Ce que les employeurs doivent retenir

Cette décision importante rappelle aux employeurs qu'ils doivent bien étayer tout privilège avant d'en revendiquer un. Compte tenu de ce fait, les employeurs devraient tenir compte des principes suivants lorsqu'ils mènent une enquête en milieu de travail :

  • Informer dès le début : Les employés devraient être mis au courant dès que possible de ce que signifie le privilège et des types de documents qui peuvent en faire l'objet. Par exemple, on ne devrait pas tenir pour acquis que le simple fait d'envoyer une copie d'une lettre à un avocat suffit pour qu'un privilège s'applique à ce document.
  • Restreindre le nombre de membres de l'équipe : Lorsqu'une enquête est en cours, l'équipe qui mène l'enquête devrait être aussi restreinte que possible.

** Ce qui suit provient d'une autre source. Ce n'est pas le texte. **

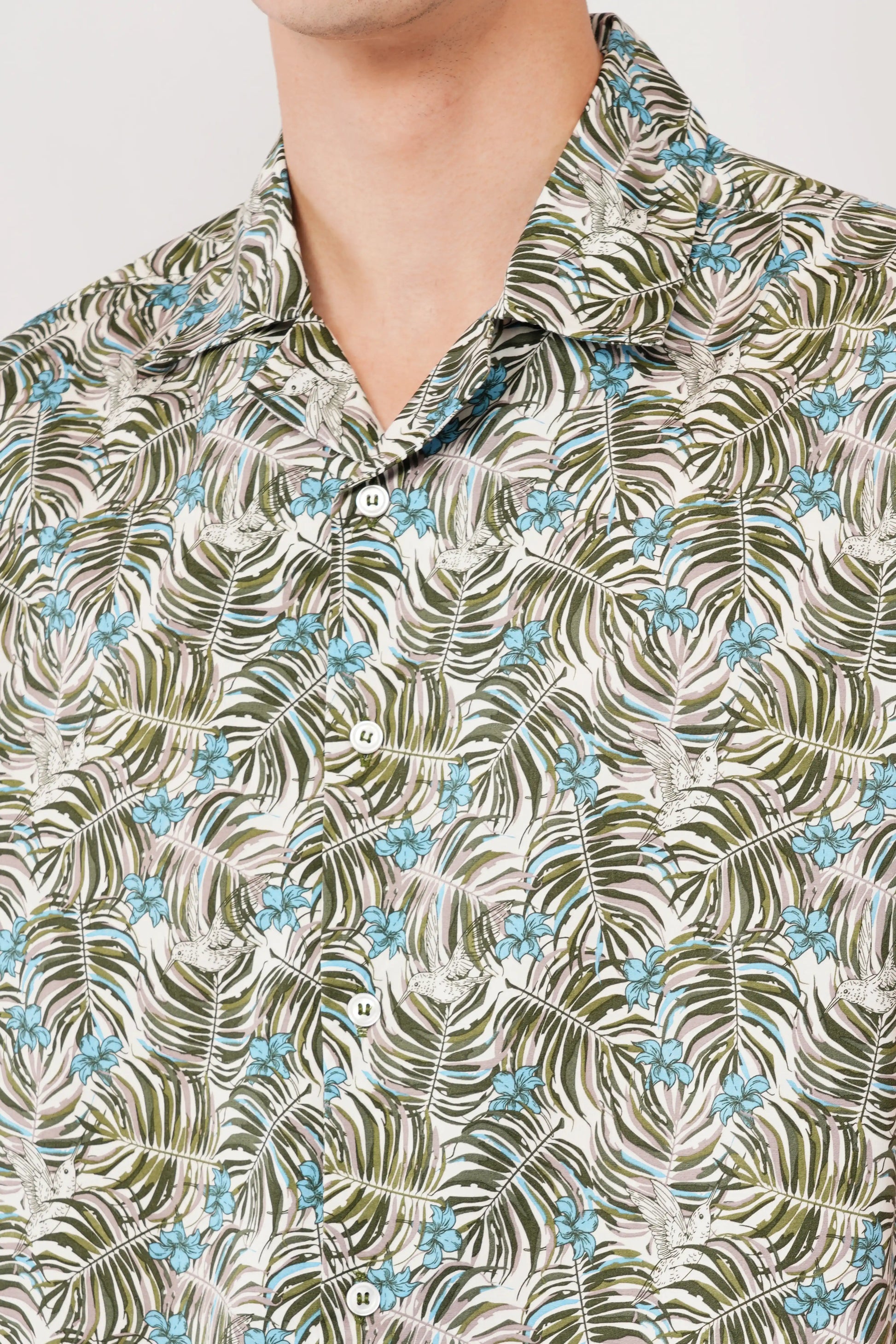 Orven relaxed fit men’s Cuban collar shirt — green printed fabric close-up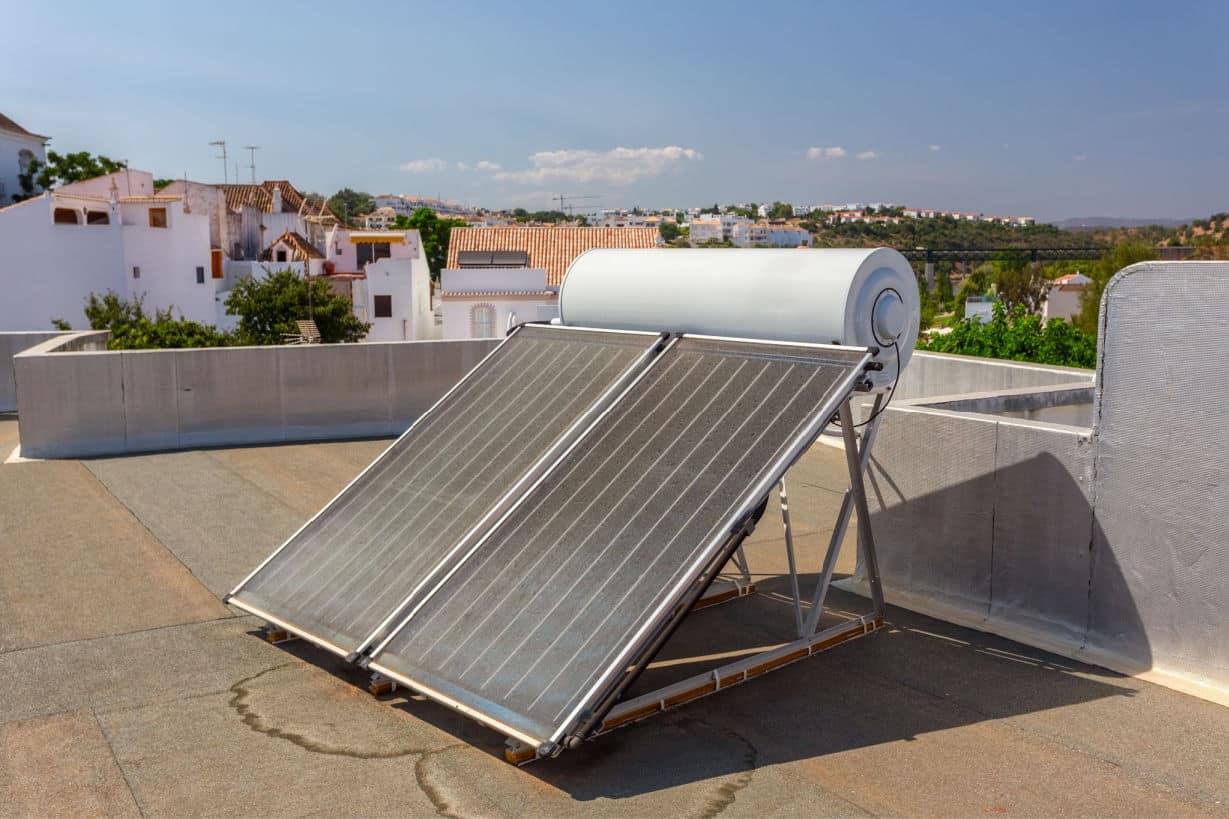 economies-chauffe-eau-solaire-3 Vous ne croirez jamais à quel point installer un chauffe-eau solaire va réduire votre facture d'énergie !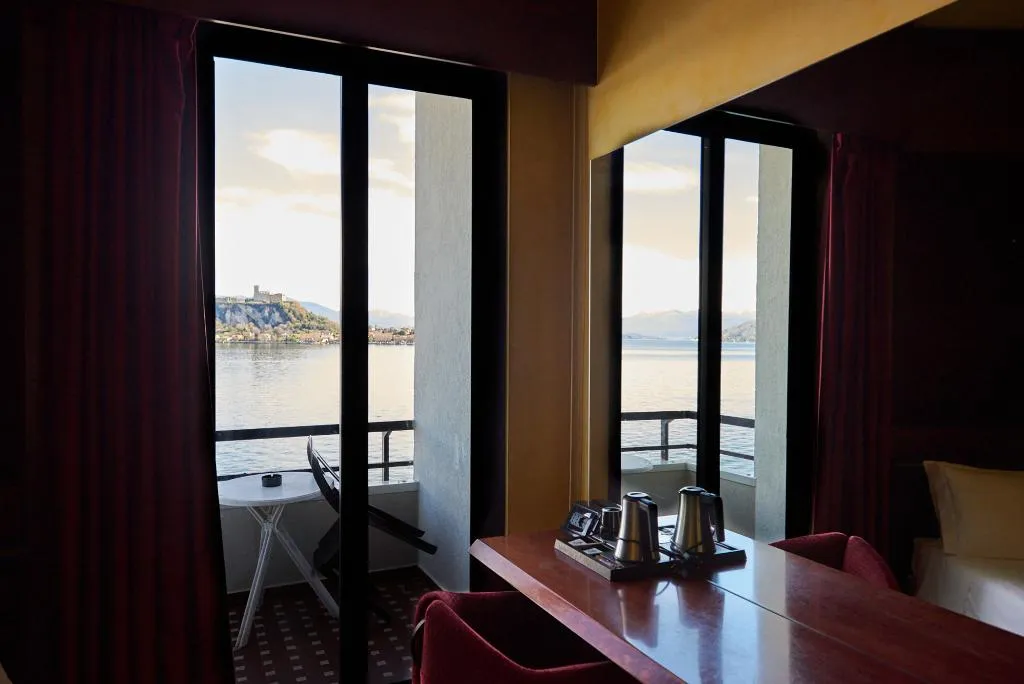 SINGLE LAKE VIEW Room, Concorde, Milan
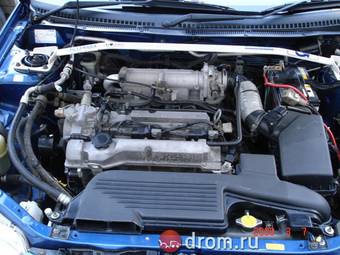 2000 Mazda Familia S-Wagon Pictures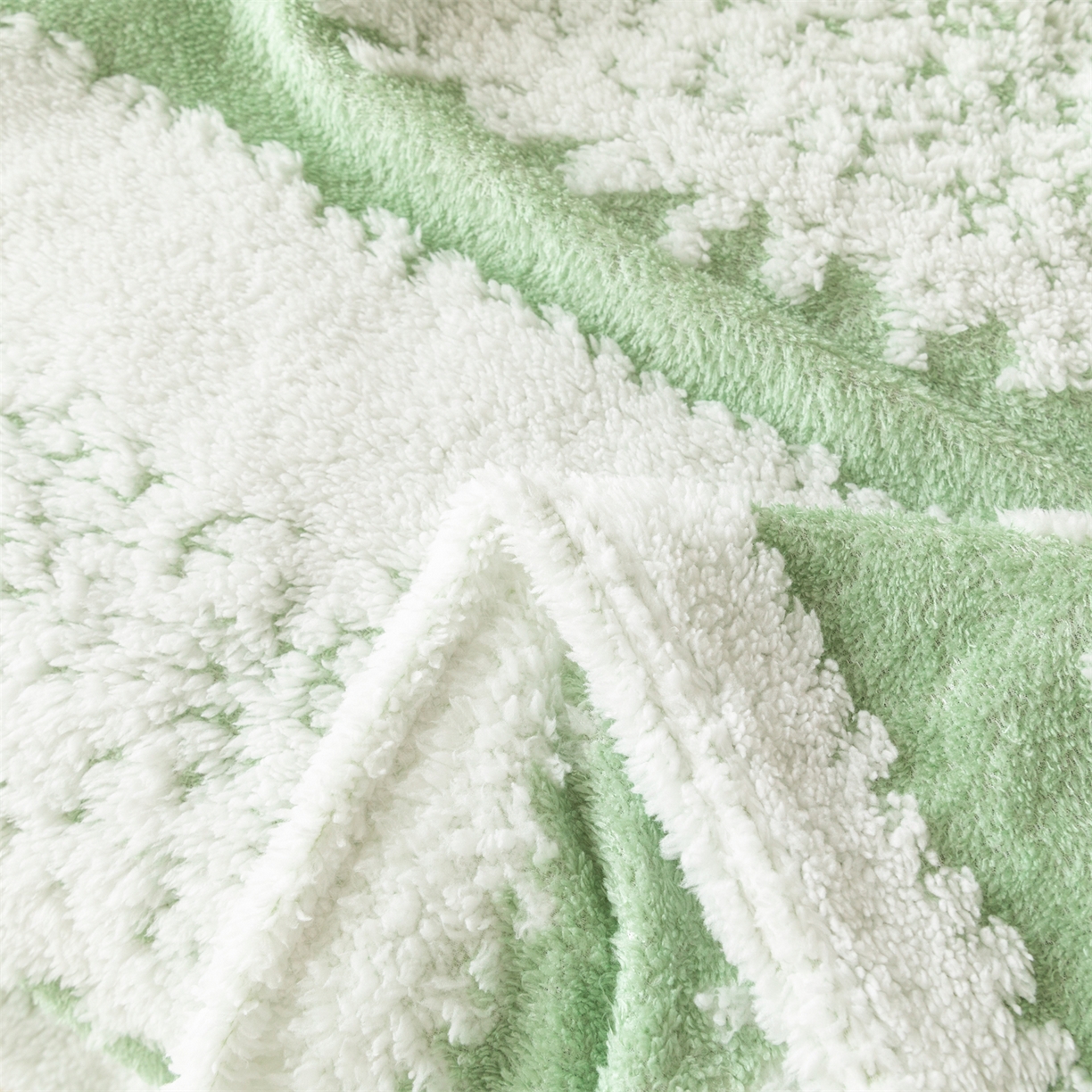 91家纺网 家纺一手货源 找家纺 梵心家纺 2025新款阳离子双色提花毛毯清新条纹风简约时尚毯子毛毯-可供跨境电商 阳离子-绿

Une fois que des documents ont été transmis à un grand nombre de personnes, il existe un risque que l'on considère que le privilège dont ces documents font l'objet a fait l'objet d'une renonciation.
  • Faire participer des conseillers juridiques : Si vous avez l'intention de revendiquer un privilège sur les conclusions d'une enquête, une stratégie prudente consiste à faire intervenir des conseillers juridiques externes. Ainsi, un avocat peut vous aider à élaborer des politiques et des pratiques exemplaires pour l'enquête et vous aider à retenir les services d'experts extérieurs ou encore vous conseiller sur les mesures à prendre à l'avenir.